A little shorter than her eyelevel, and with most of its size in its height. She’d be able to carry it under her arm if she was careful. It would fit perfectly with the panels of a greenhouse’s walls, and she could cut the glass she’d already prepared down to size to fit around it. It could go… On the eastern side.

Ghost might like it there, to see the dawn light filter through the gold of the flowerheads. They might even find it funny, if she said that it reminded her of them. The most stubborn, unkillable flowers she’d ever known, that bloomed the brightest when all else lay dying.

Or rather, in spite of it.

“It could’ve been someone’s passion project,” Lemm mused to himself. “Probably not a commission, though there’s no way to really know. Wonder why it’d be here, except that it either had some significance to match the works around it or… It meant enough to someone for them to put it up here anyway.”

Hornet laid her hand where the glass met the window frame, scratching her thumb over the beading in consideration. There was a narrow strip of aged caulk at its edges, sanded neatly down and nearly unseeable beneath the elytron-shiny framing that the soft, rotten fabric covering the walls ended at. Still solid under its iron framework, and weathered into place by years and the swell of water into the seam.

Doable.

Hornet dug her claws as far beneath the window moulding as she could, the caulk just soft enough to force the points deep enough to gain a good handhold, and yanked.

A whole section of the window beading came loose under her hands with an almighty, splintering crack, and Lemm yelped in surprise as Hornet tossed it aside and reached for the next.

“What the hell are you doing?” He swore at her as soon as he’d recovered.

Hornet spared an annoyed glance over her shoulder at him, and tore free another piece of framing. “What does it look like.”

“You’re- that’s- that is centuries old!
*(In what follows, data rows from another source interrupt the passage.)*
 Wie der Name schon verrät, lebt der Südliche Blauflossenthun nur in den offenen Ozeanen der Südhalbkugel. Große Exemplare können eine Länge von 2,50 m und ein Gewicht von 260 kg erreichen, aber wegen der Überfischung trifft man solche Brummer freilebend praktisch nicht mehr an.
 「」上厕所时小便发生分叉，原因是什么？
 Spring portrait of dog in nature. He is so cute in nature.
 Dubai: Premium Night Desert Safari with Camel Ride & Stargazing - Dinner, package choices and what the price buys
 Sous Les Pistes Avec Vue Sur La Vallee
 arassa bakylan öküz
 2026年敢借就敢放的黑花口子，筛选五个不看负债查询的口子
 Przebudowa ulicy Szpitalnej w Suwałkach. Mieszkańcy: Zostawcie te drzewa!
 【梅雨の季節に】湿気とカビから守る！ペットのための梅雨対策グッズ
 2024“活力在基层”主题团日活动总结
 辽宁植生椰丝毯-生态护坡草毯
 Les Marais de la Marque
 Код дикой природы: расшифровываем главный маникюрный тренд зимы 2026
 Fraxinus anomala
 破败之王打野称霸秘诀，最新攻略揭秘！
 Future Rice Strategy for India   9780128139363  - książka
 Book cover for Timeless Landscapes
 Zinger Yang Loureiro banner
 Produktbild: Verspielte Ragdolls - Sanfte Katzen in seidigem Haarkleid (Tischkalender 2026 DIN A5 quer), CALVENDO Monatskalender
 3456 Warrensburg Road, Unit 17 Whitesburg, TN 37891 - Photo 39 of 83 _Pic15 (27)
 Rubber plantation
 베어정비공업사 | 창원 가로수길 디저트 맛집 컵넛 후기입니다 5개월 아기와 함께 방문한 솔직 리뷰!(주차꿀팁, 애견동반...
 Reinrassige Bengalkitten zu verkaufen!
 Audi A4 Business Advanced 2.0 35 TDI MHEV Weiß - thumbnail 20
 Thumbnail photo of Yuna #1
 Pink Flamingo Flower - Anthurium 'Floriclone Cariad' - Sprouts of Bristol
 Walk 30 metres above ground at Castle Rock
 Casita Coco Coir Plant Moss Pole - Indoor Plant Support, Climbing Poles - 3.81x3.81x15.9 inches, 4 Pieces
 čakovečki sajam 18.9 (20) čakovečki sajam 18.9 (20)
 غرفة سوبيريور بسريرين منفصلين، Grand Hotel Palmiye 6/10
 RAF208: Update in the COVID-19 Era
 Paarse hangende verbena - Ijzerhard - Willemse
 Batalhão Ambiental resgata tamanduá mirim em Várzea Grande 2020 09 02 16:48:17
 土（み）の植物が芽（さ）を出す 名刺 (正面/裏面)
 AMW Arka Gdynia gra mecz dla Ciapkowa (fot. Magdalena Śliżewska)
You can’t take this one, I’ve no idea why it’s here! It could be work from an entirely separate period as the rest, all we know is that it doesn’t match – stylistically or subject-wise – with anything I’ve seen so far! This could be anything, and you’re tearing it out of the wall!” Lemm said, nearly apoplectic.

“And you will live without knowing. You’ve already agreed to this, and you needn’t help. Only, stay out of my way.” Hornet advised. “I’m unsure of the stability of the moulding. In fact,” she considered, and knocked lightly at the barrier where she’d already torn away the paneling and fabric while he’d rambled, the wall beneath bare and crept over with a layer of dark, glistening mold.

The sound came back light, almost hollow. Just a layer of thin shellwood, and behind it the sealant and the mortared outer shell, then. No supporting beams or iron. Good.

Hornet grabbed her needle and eyed the spot she’d cleared thoughtfully. And then, ignoring Lemm’s confused questions and then alarmed protests and then frantic pleading, raised her arm like she was preparing to throw a spear and, with a huff of effort, drove the point of her blade into the thinnest part of the wall with all her might, just a foot or so to the side of the window.

It sank in an inch or two with a deafening slam, and then stopped. The wall shuddered, but nothing broke. She yanked her needle free, considered, bounced it in her hand while Lemm begged her to reconsider, and drove it into the weak point again.

With a stridently dusty, grating crack, it punched through, and this time when she pulled her needle back it came with the scent of the rain and a cool draft, and Lemm made an entirely melodramatic noise of infinite despair.

Hornet disregarded his histrionics and widened the hole she’d made, clawing at the plaster and harder outer shell until she’d cleared away the wall up to the side of the window.

“There. A handhold, so that it might not fall to the street and shatter to a million pieces.” Hornet informed him, replacing her needle at her back. “I may have use for your help after all; if you’d keep a hold of the edge, I’ll break it from the wall.”

“No!” Lemm said, his voice breaking. “How the- No.”

“No matter.” Hornet said to him, and dug her claws into the next section of paneling around the window.

As expected, it took less than a minute of wincing at the snap of aged shellwood for him to break. “Wait, wait, I’ll help. You’ll bring down the whole building if someone’s not keeping an eye on you, you lunatic.” Lemm blustered.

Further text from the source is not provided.